WORK REQUEST: The response should contain only the line with "Einfamilienhaus kaufen in" and every line after it to the end of the listing below, duplicated exactly; no picture belongs in it.

[SUPPLIED INFORMATION — start]

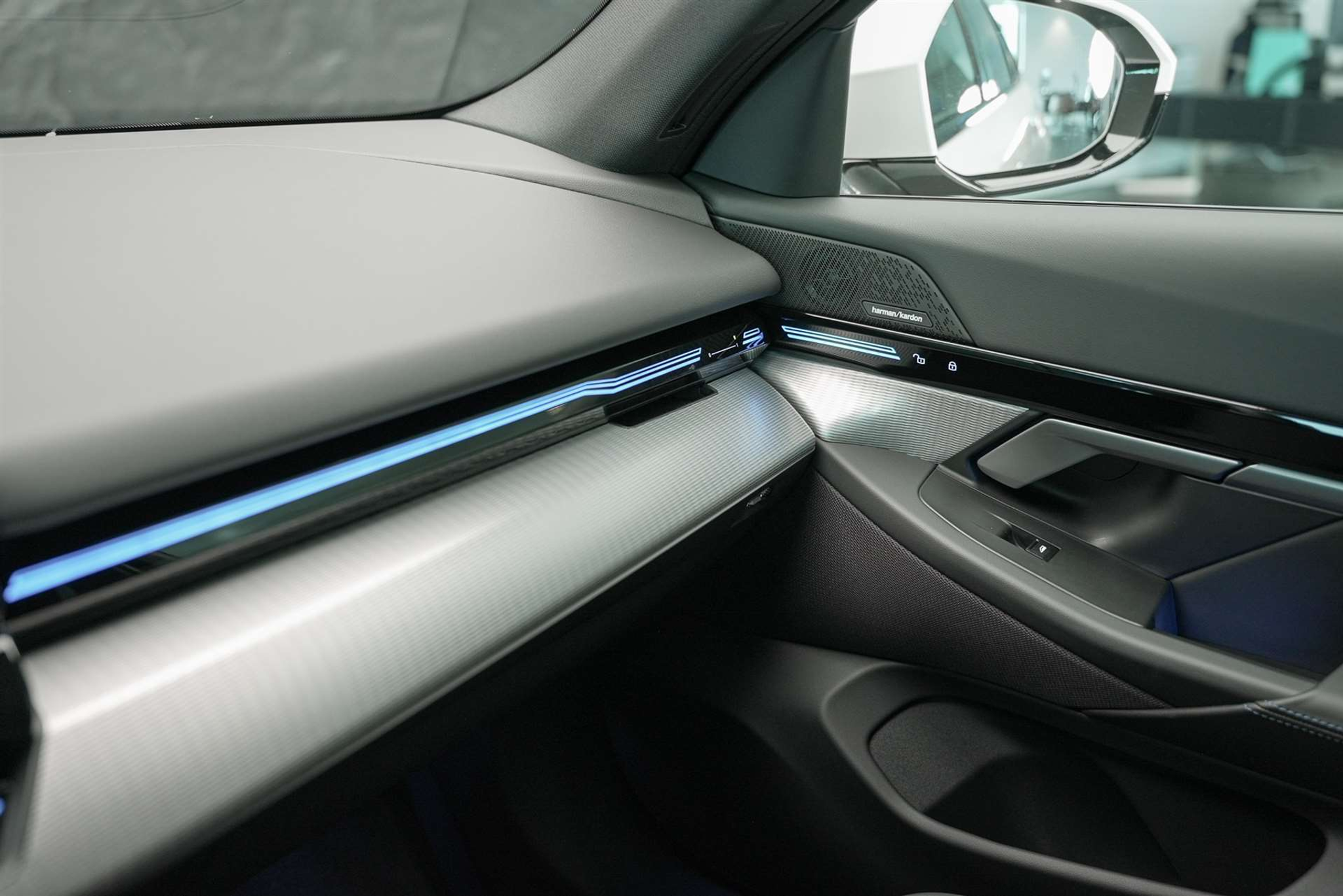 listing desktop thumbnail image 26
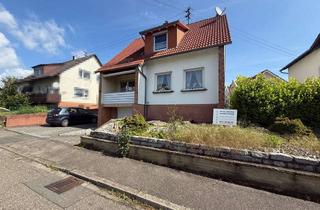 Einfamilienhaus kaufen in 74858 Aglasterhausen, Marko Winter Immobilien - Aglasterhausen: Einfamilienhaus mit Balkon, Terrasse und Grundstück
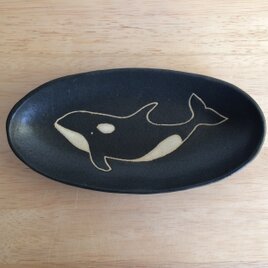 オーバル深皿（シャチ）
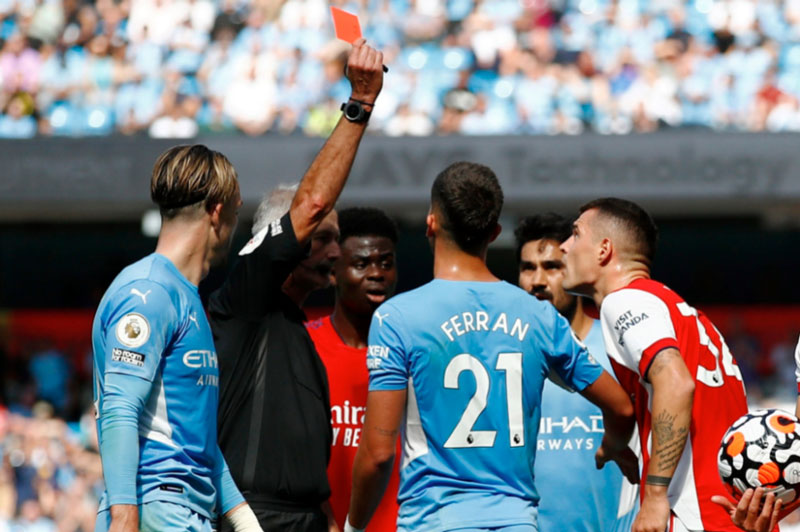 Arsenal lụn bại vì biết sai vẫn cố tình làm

[SUPPLIED INFORMATION — finish]

RESULT:
 Einfamilienhaus kaufen in 74858 Aglasterhausen, Marko Winter Immobilien - Aglasterhausen: Einfamilienhaus mit Balkon, Terrasse und Grundstück
 オーバル深皿（シャチ）
 Arsenal lụn bại vì biết sai vẫn cố tình làm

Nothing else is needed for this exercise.